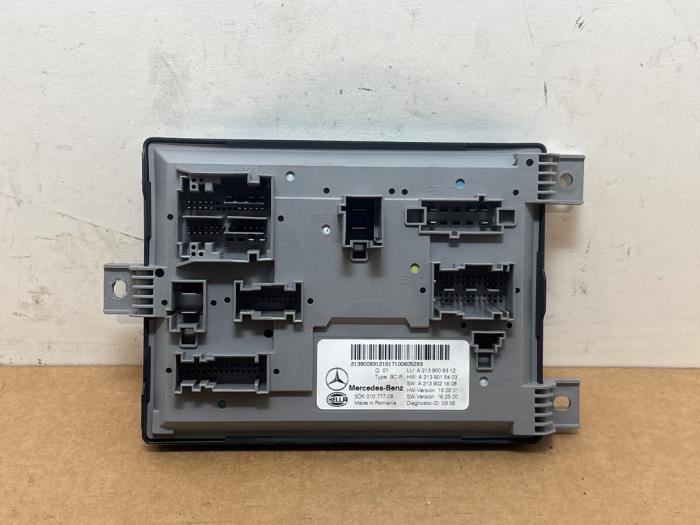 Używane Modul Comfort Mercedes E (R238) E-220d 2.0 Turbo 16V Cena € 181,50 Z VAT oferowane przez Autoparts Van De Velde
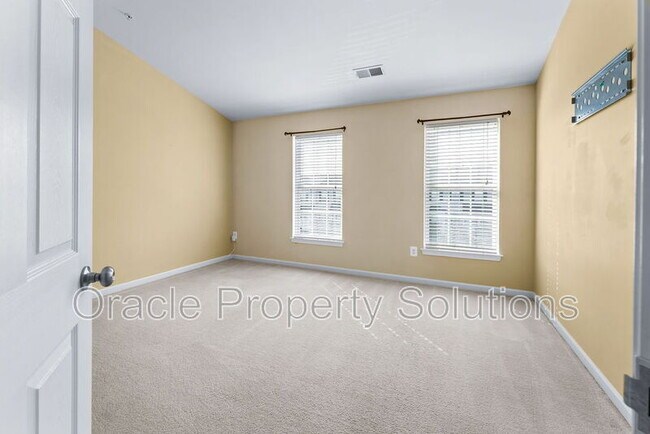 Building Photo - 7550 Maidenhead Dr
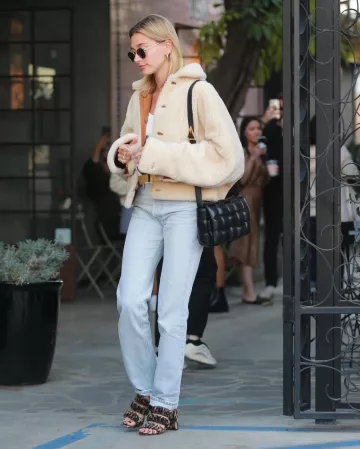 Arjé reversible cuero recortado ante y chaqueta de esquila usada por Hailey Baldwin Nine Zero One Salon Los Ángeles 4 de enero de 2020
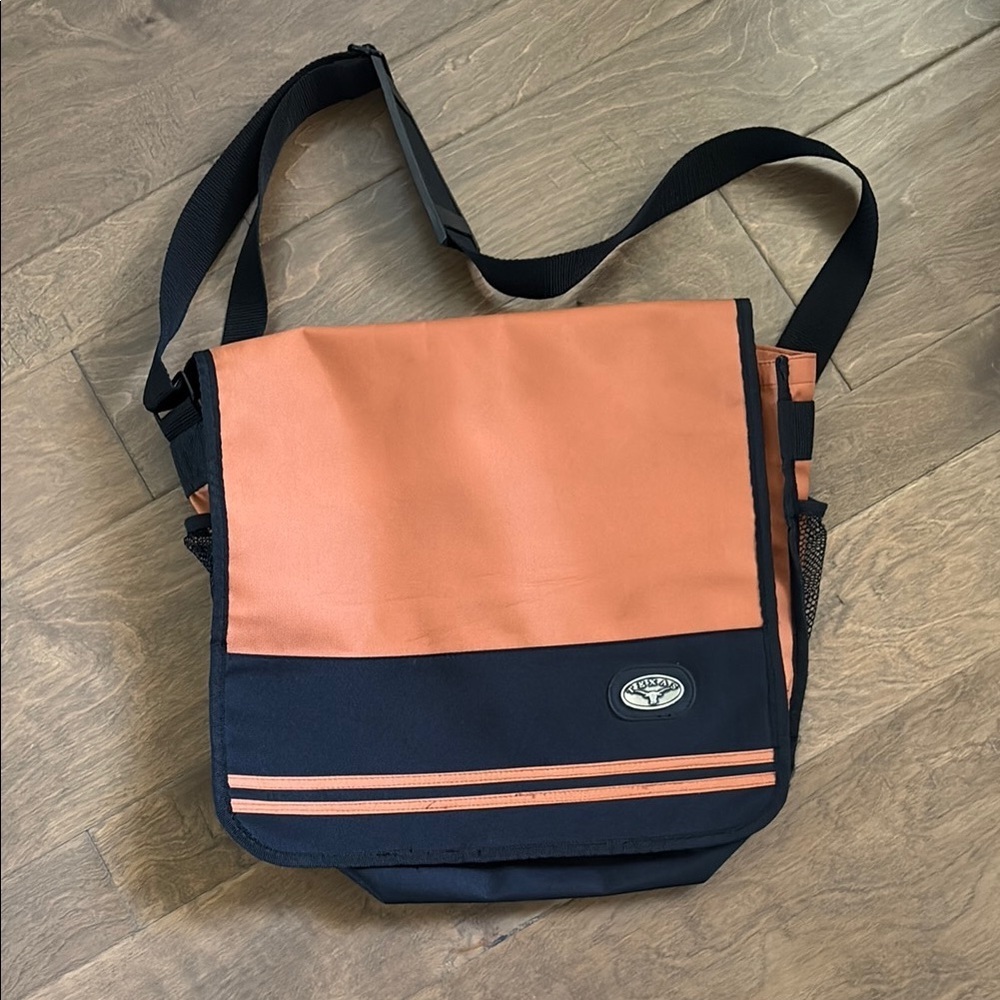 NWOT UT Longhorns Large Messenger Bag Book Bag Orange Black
☆ ☆ ☆
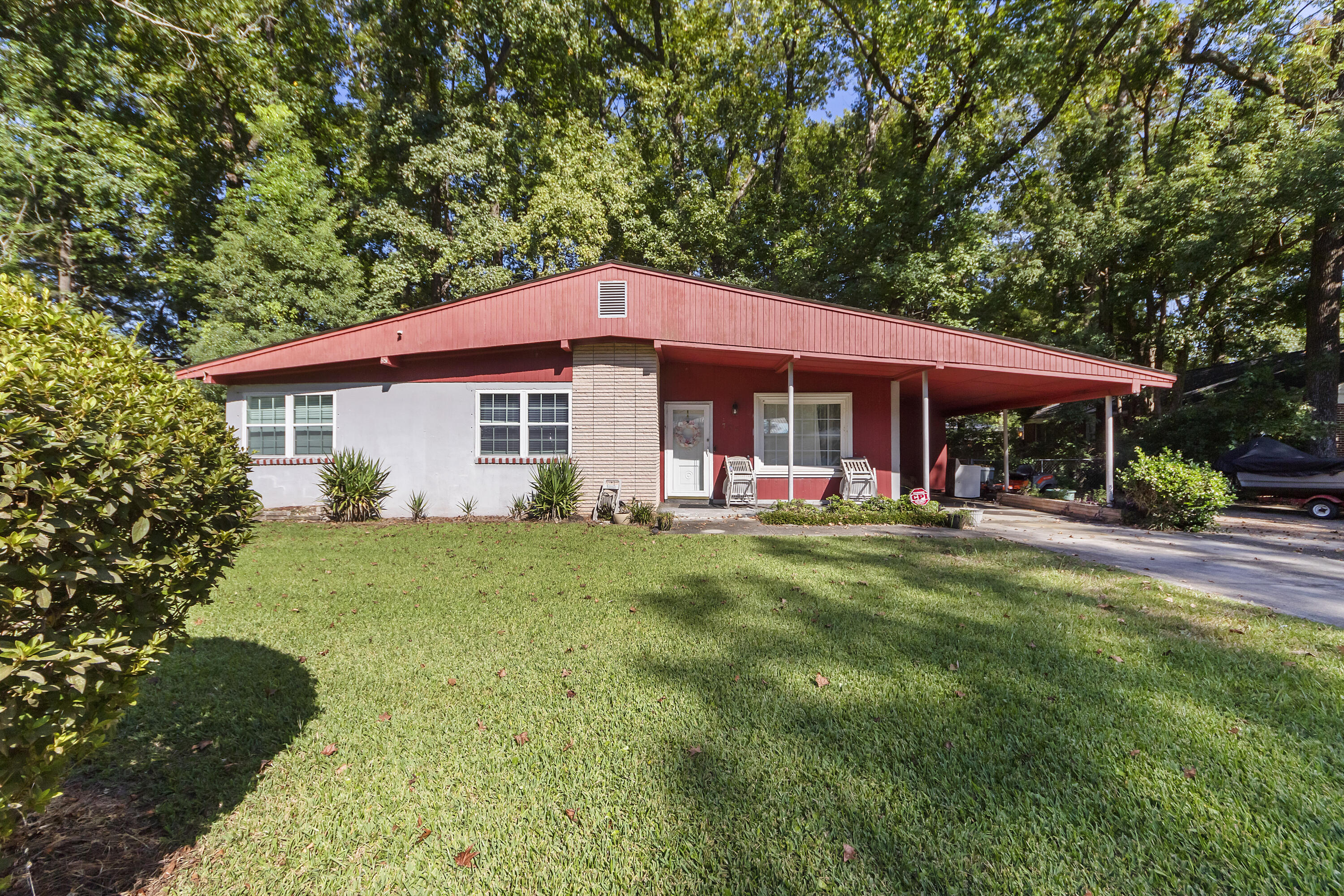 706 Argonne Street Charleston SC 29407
☆ ☆ ☆
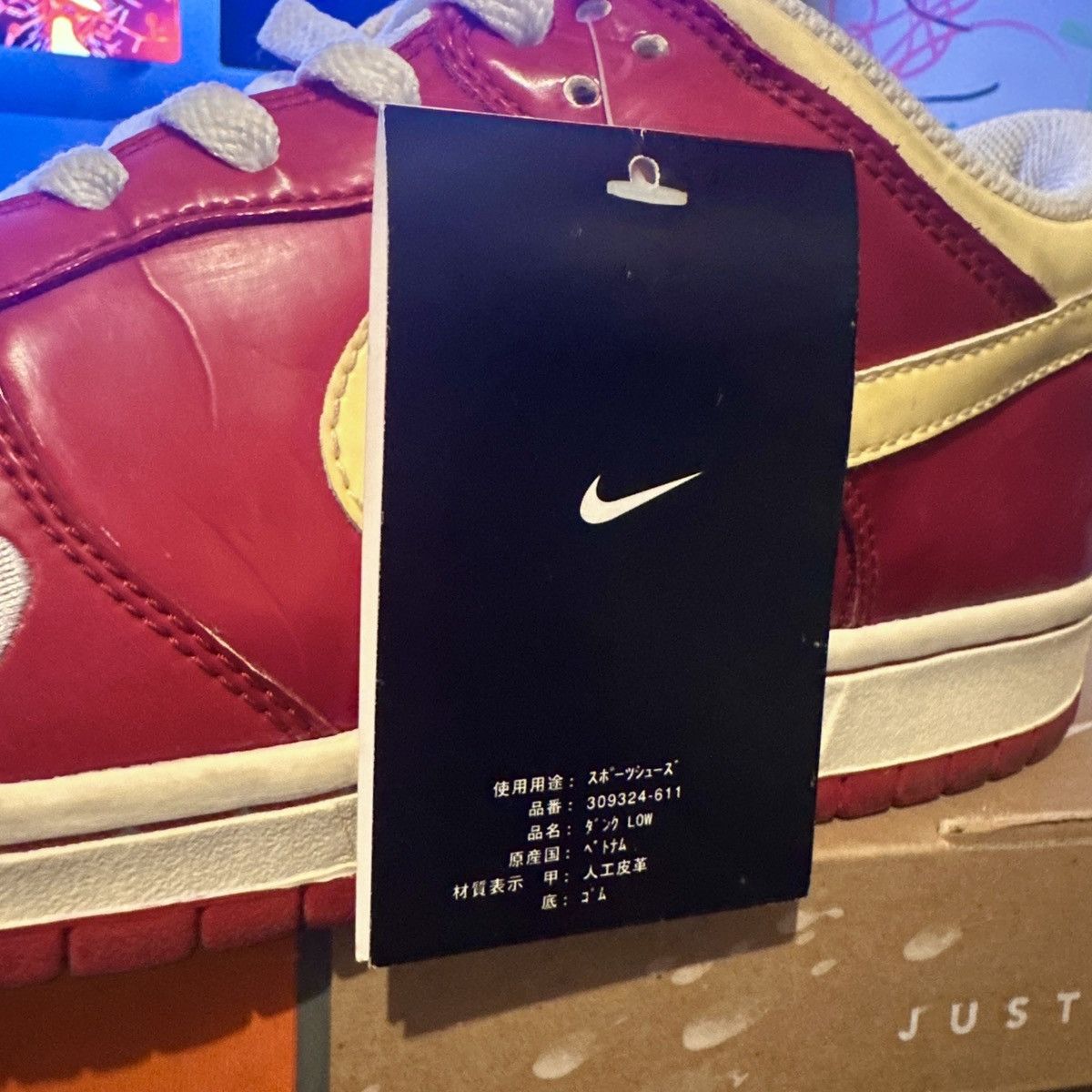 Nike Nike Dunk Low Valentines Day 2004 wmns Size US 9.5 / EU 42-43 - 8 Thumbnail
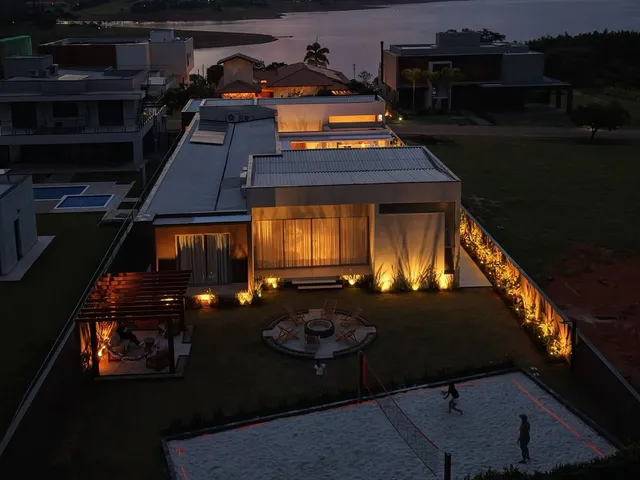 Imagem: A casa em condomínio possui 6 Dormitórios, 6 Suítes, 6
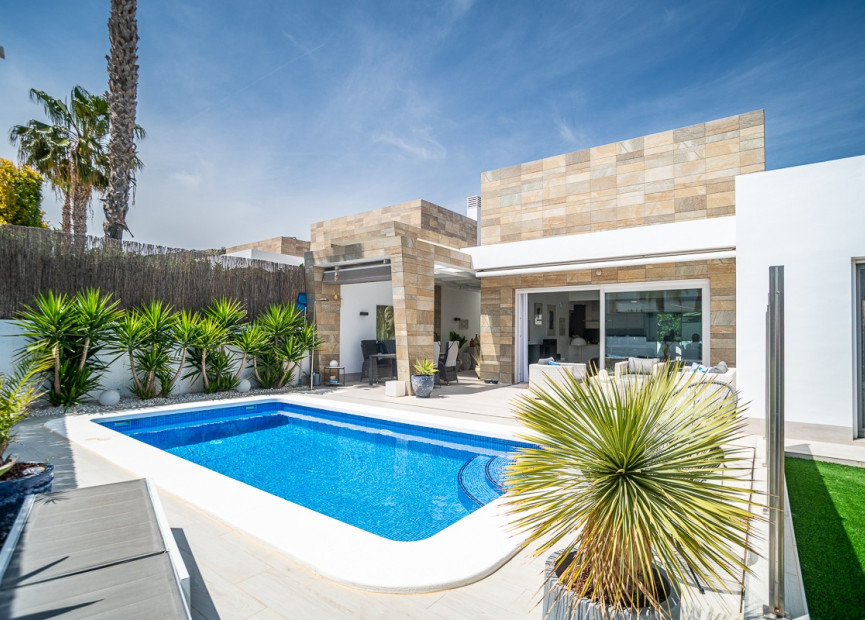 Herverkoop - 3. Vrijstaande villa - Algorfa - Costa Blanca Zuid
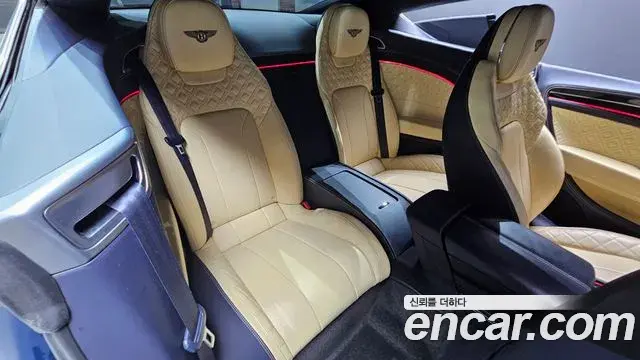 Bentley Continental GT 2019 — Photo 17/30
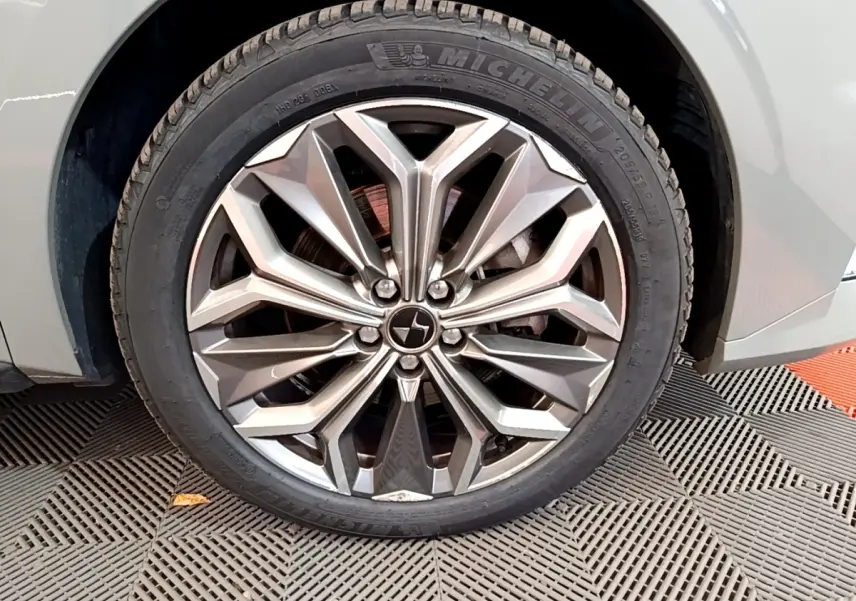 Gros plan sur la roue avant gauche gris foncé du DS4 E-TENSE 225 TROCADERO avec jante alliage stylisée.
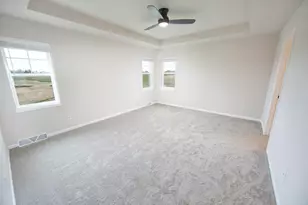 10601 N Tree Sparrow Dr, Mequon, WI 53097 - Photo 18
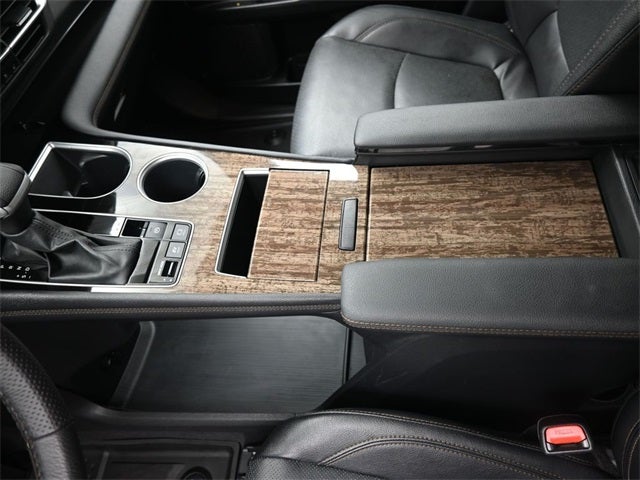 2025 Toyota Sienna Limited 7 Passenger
☆ ☆ ☆
Copy exactly the material above from the line with "Gros plan sur" to the line with "2025 Toyota Sienna Limited 7 Passenger", ends included, and nothing else. Leave out any picture.

 Gros plan sur la roue avant gauche gris foncé du DS4 E-TENSE 225 TROCADERO avec jante alliage stylisée.
 10601 N Tree Sparrow Dr, Mequon, WI 53097 - Photo 18
 2025 Toyota Sienna Limited 7 Passenger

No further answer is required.